The climax of Richard Curtis' Notting Hill takes place in the Lancaster Room of the Savoy Hotel, where actress Anna (Julia Roberts) is giving a press conference before leaving the capital and returning to the States. Having raced through the West End in brother-in-law Bernie's battered blue Peugeot estate, William (Hugh Grant) rushes through the mahogany revolving doors and into the marble-floored foyer of the Savoy. On failing to convince the concierge that he is an accredited member of the press - he only has a Blockbuster card to flash - William is saved after his wheelchair-bound sister claims she is writing an article about how London hotels treat the disabled. Inside the press conference, William plucks up the courage to ask Anna to stay in London in front of the paparazzi and media and after a suspenseful silence, she agrees. "That's very good news. The readers of Horse & Hound will be delighted," says William before the cameras start flashing and Elvis Costello's 'She' plays over a montage showing what happens next. Incidentally, the happy couple get married in an outdoor wedding reception in the beautifully lush and verdant Zen Garden of designer Anouska Hempel's minimalist The Hempel Hotel in Bayswater. 

After a £100 million restoration, The Savoy reopened at the end of 2010. Located just off the Strand, the Savoy has 268 rooms and suites, with Art Deco and Edwardian touches throughout, and offers spectacular views over the Thames. It was also used in scenes featuring Meryl Streep in the 1982 film The French Lieutenant's Woman, in the opening sequence of the Sean Connery / Catherine Zeta-Jones yarn Entrapment (1999) and the splendid ending of British gangster flick The Long Good Friday (1979), where two gun-wielding IRA men, including a young Piers Brosnan making his screen debut, abduct Bob Hoskins' gangland boss Harold Shand in a smart car after a final showdown with some American mobsters in room 412.

 
 
 

Tower Hotel - Biggles: Adventures in Time (1986)

 

Eighties cinematic time-travel oddity Biggles: Adventures in Time was set primarily in London with certain scenes shot in and outside the then-new Tower Hotel - now part of the Guoman group. At the time, the modern interior of the hotel was considered state of the art - which is more than can be said of the film, which was a box office flop. Trying to tap into the Back To The Future market, Biggles: Adventures in Time tells the confused story of Jim Ferguson, a catering salesman, who inadvertently falls through a time hole to 1917 where he saves the life of a dashing RAF pilot, Biggles.
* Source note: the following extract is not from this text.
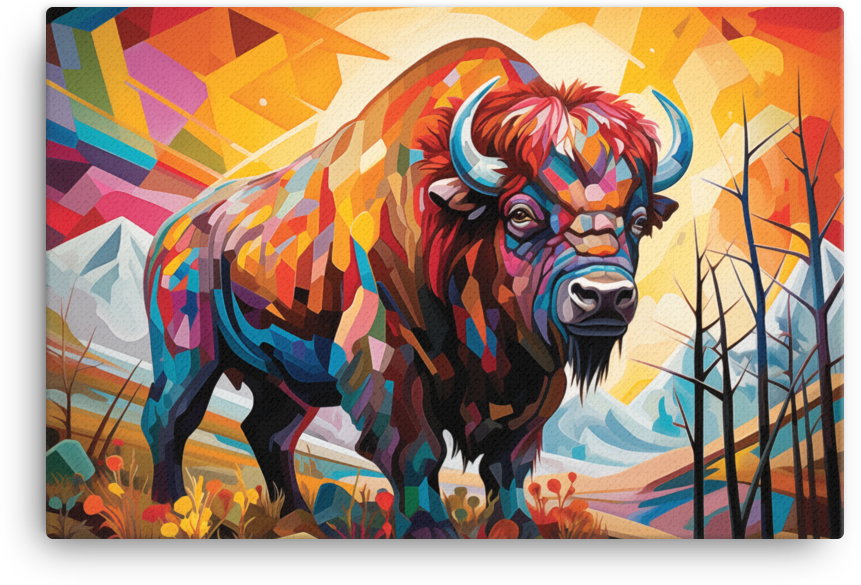 Bison of Vibrant Vistas Canvas Wall Art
Back in the present day, Jim visits Biggles' former commanding officer Raymond (Peter Cushing, in his last film before his death), who informs Jim than he and Biggles are "time twins". There follows a series of madcap scenarios through time in which the trio must stop Nazi Germany changing the course of history by destroying a new secret weapon. One scene sees the heroes abseil down the walls of Tower Bridge, where, bizarrely, Raymond lives. The Tower Hotel has one of the capital's most sough-after views overlooking the River Thames, Tower Bridge and the Tower of London.